[Captioned web images]
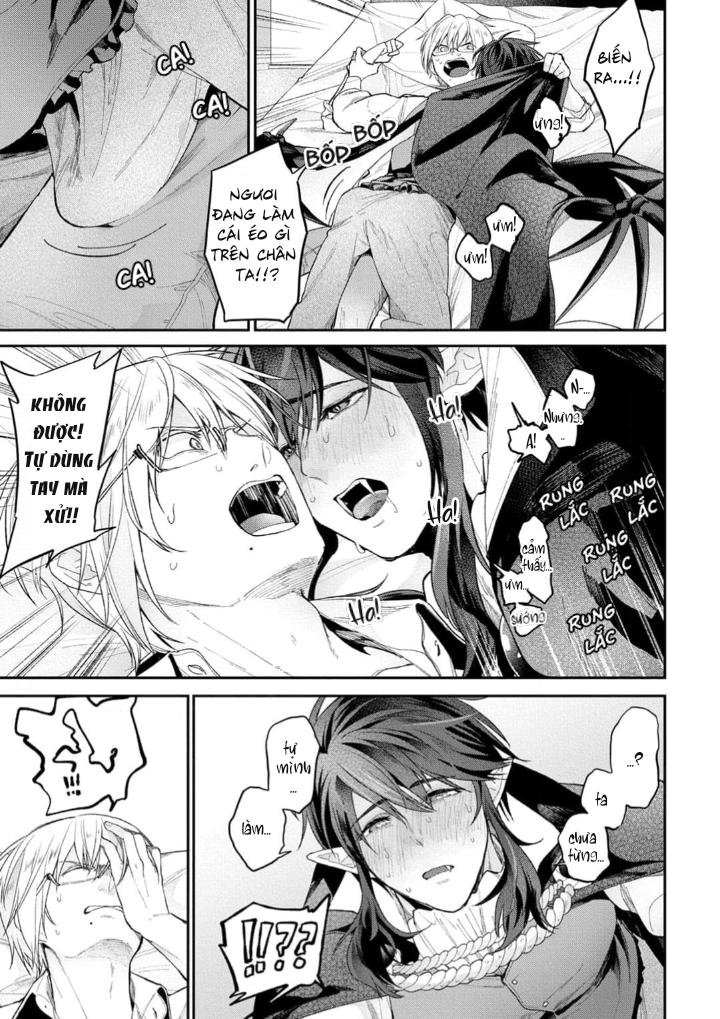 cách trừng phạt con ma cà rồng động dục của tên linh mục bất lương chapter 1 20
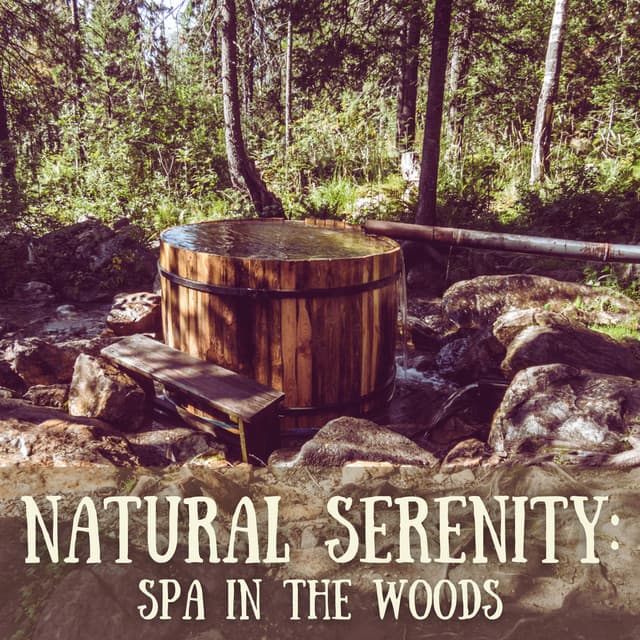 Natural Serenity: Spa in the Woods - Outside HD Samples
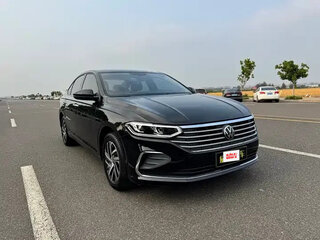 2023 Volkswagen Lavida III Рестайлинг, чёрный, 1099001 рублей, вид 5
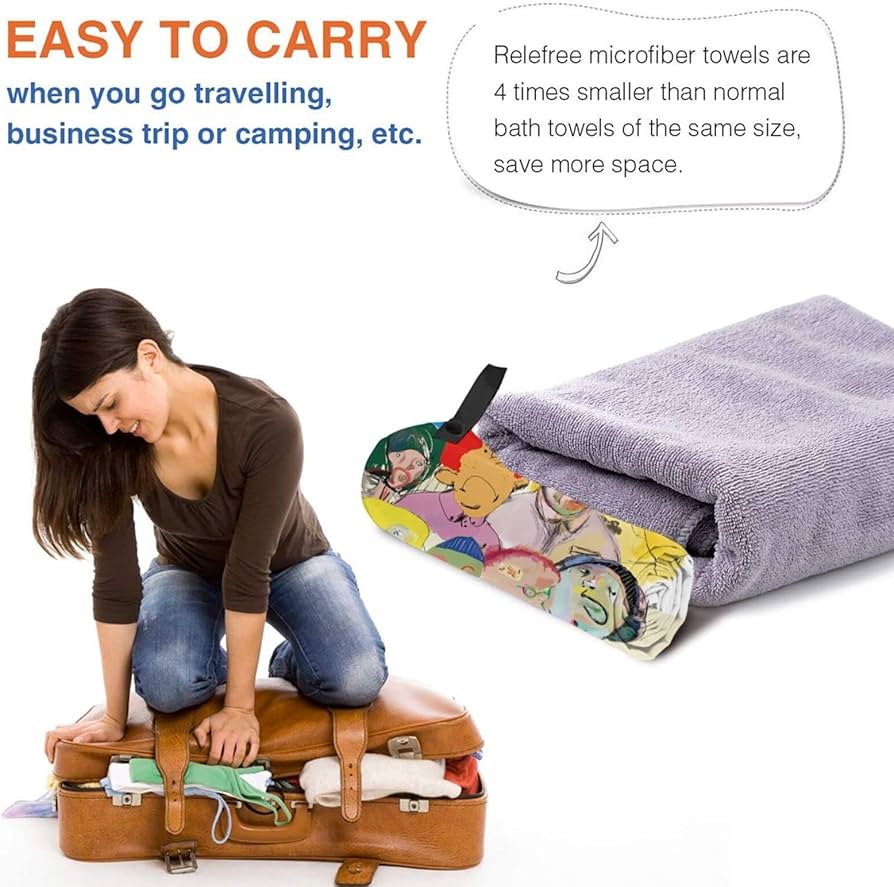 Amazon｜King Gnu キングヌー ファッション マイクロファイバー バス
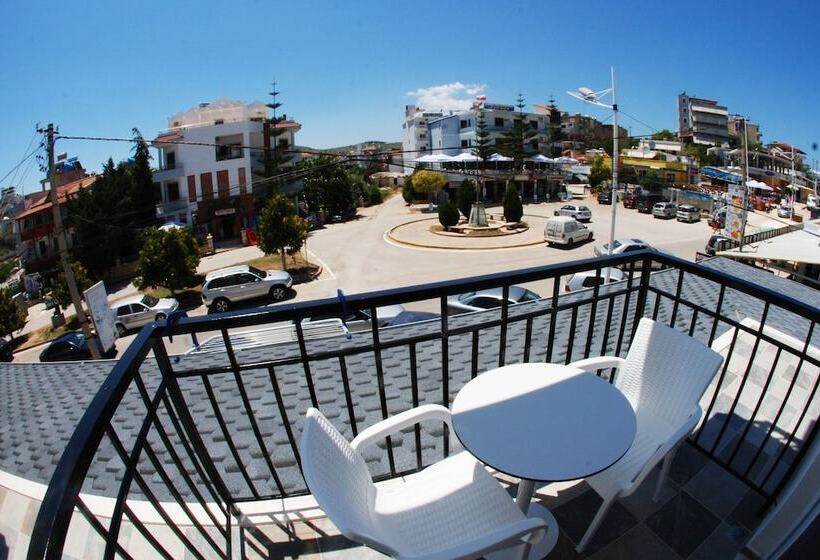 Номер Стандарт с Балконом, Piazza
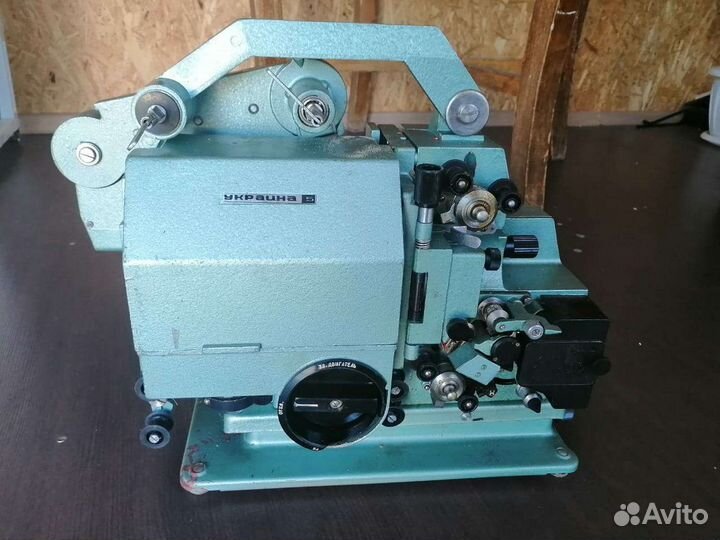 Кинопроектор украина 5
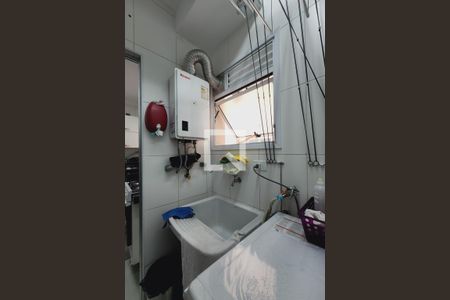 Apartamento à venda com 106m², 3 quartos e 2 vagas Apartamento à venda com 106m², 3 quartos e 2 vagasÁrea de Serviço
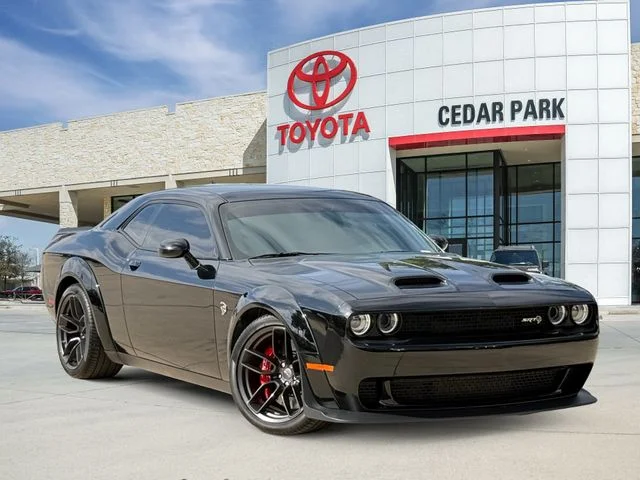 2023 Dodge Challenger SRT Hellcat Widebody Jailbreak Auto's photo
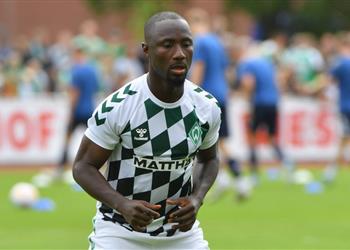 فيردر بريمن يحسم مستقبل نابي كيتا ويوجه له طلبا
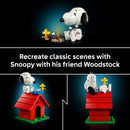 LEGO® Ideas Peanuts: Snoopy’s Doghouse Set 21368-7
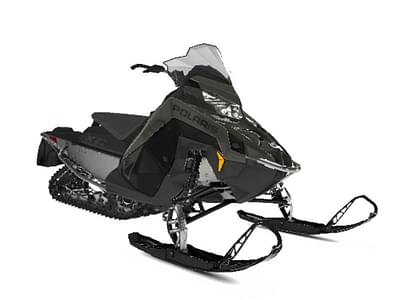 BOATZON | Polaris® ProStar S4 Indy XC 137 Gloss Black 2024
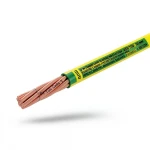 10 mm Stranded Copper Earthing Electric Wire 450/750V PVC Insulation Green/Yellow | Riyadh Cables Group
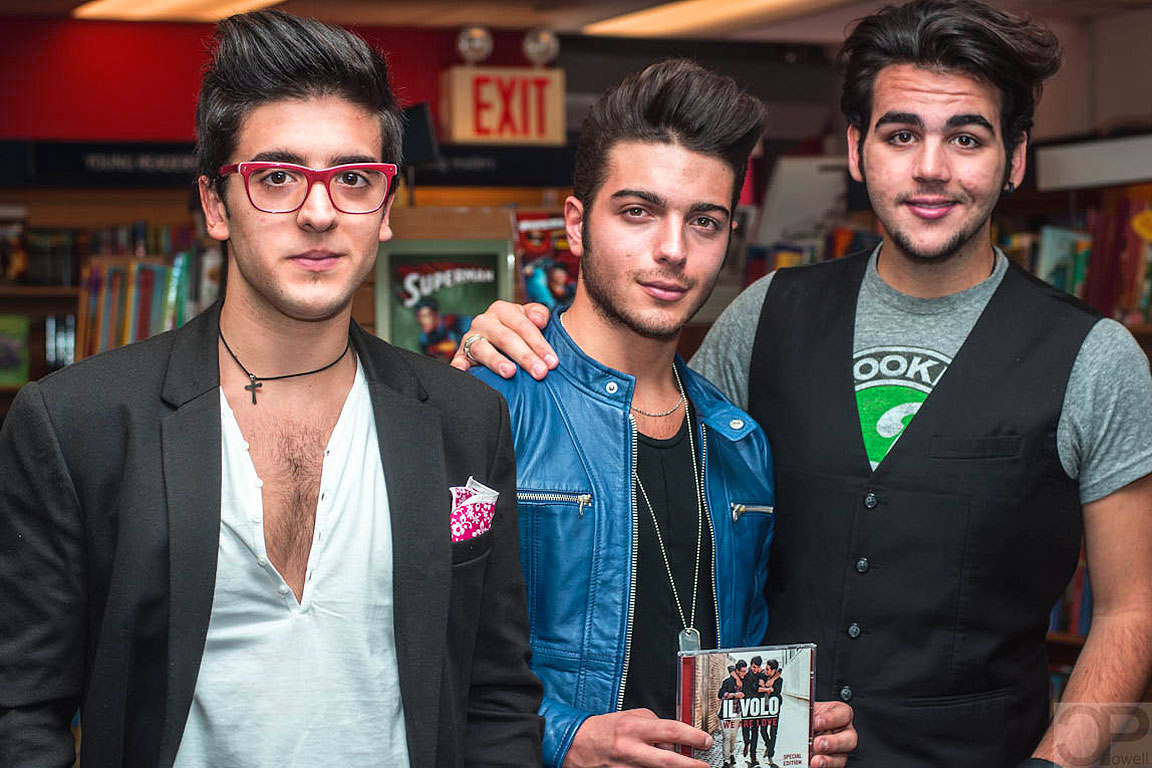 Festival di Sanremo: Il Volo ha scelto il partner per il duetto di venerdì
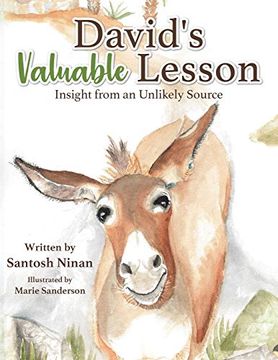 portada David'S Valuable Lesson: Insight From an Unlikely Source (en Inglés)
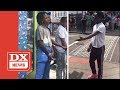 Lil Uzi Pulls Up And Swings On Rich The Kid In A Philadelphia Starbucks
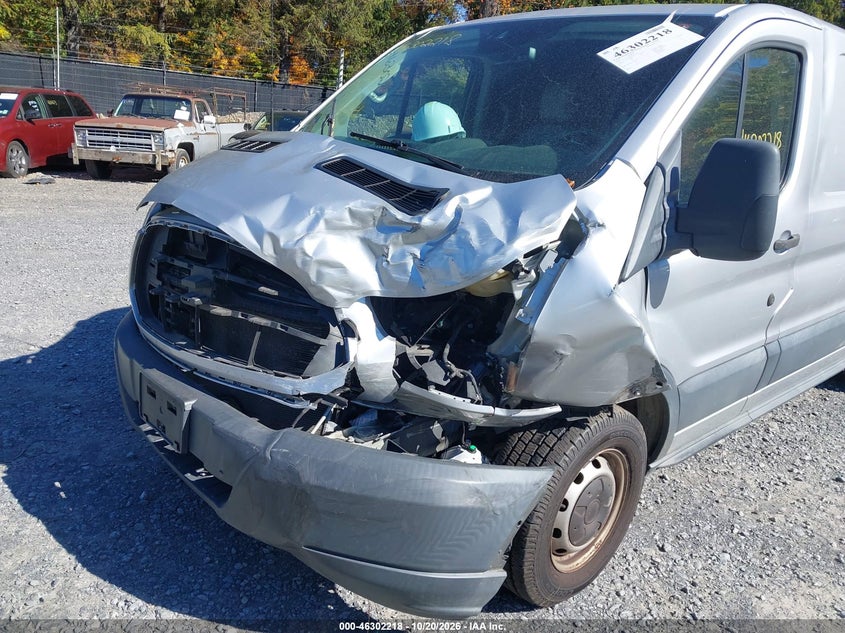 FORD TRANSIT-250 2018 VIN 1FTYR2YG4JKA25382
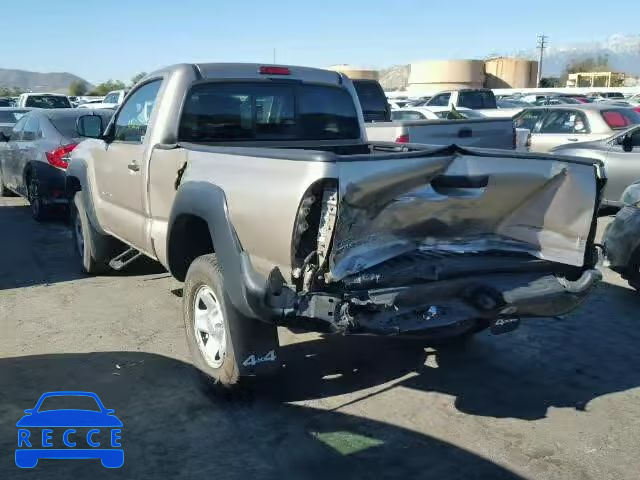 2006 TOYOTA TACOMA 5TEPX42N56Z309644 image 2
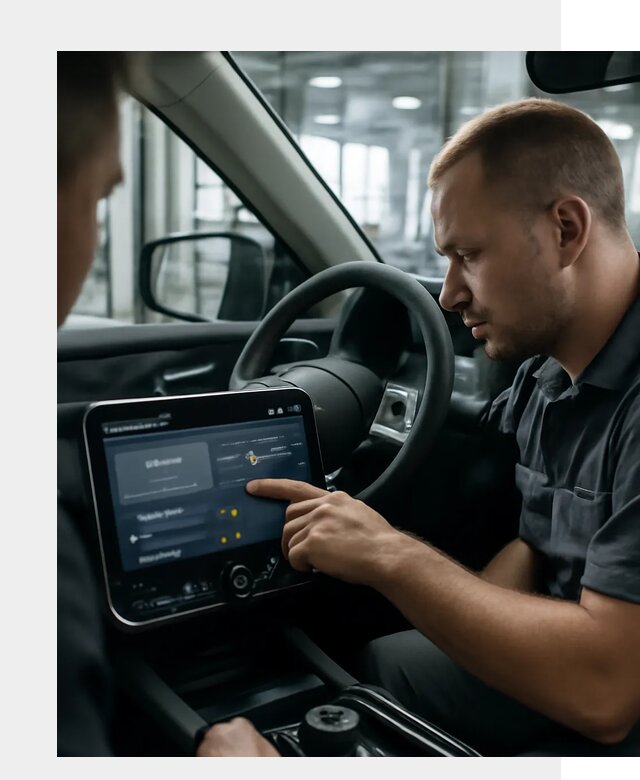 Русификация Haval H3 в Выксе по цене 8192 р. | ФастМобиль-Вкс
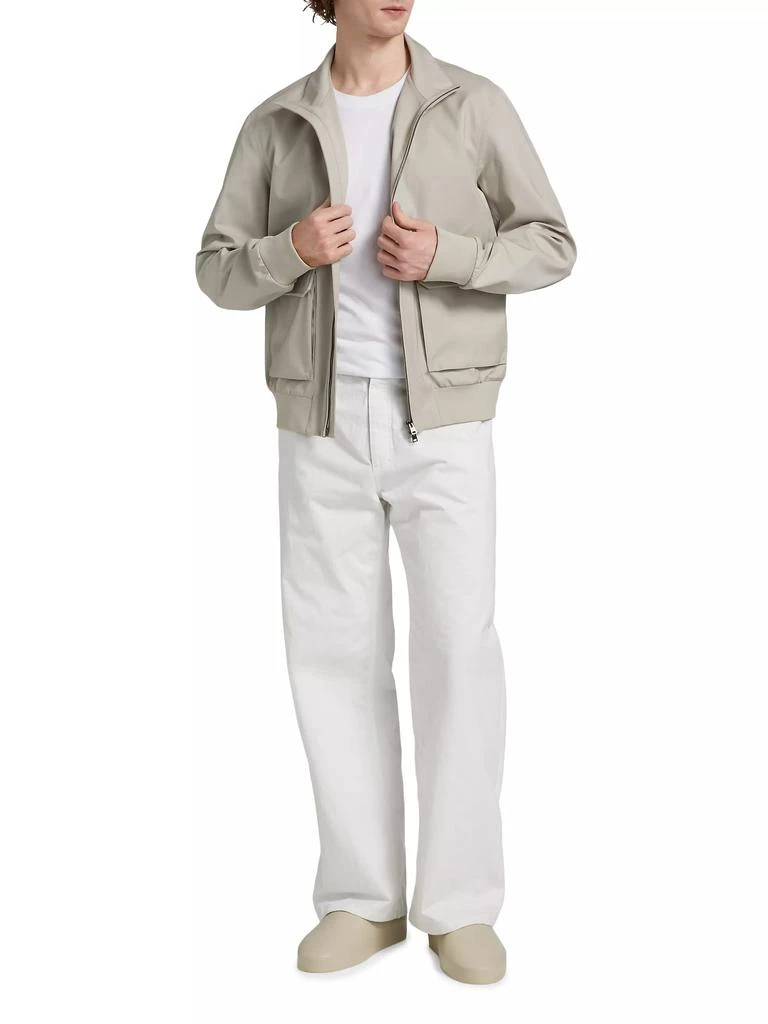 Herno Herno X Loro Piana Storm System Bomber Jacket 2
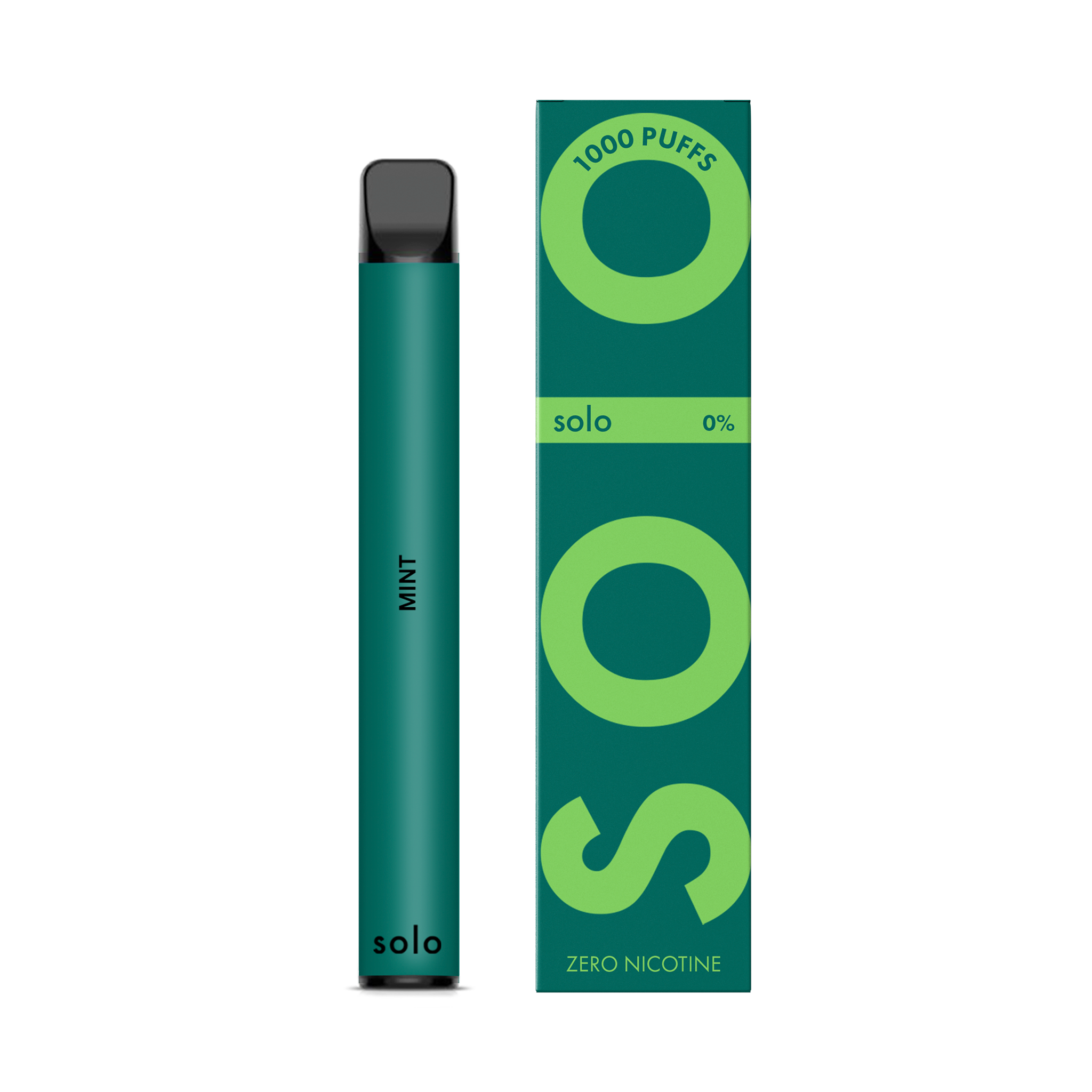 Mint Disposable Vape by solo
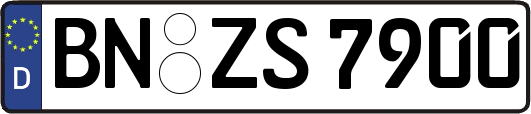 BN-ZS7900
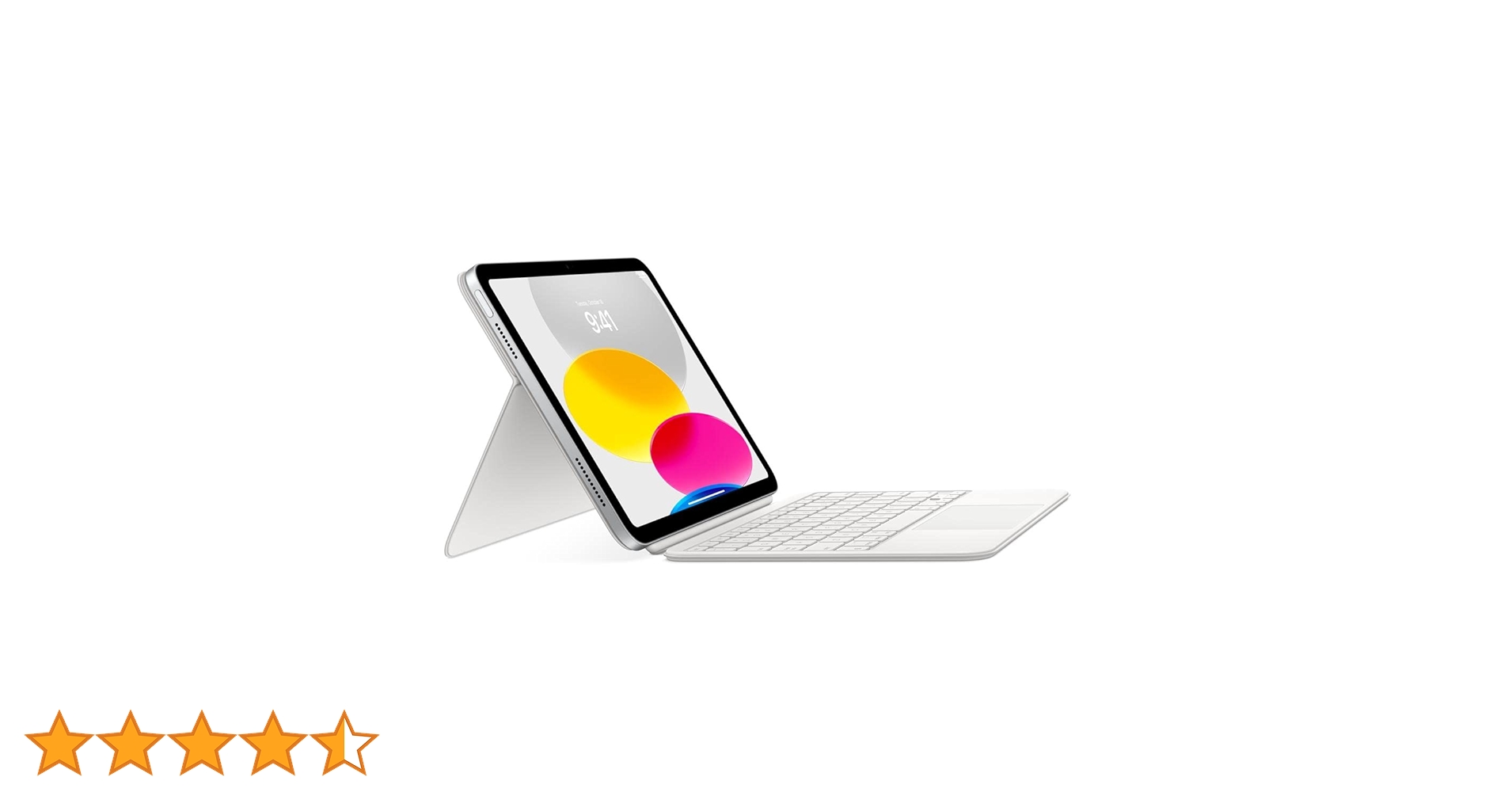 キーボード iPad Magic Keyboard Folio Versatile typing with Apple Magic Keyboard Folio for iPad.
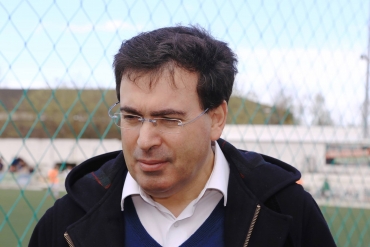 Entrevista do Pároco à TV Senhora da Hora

WORK TO BE COMPLETED: Find the line containing "Русификация Haval H3" in the records above, then copy it and every line after it exactly, through the last one, without any pictures.

SOLUTION:
 Русификация Haval H3 в Выксе по цене 8192 р. | ФастМобиль-Вкс
 Herno Herno X Loro Piana Storm System Bomber Jacket 2
 Mint Disposable Vape by solo
 BN-ZS7900
 キーボード iPad Magic Keyboard Folio Versatile typing with Apple Magic Keyboard Folio for iPad.
 Entrevista do Pároco à TV Senhora da Hora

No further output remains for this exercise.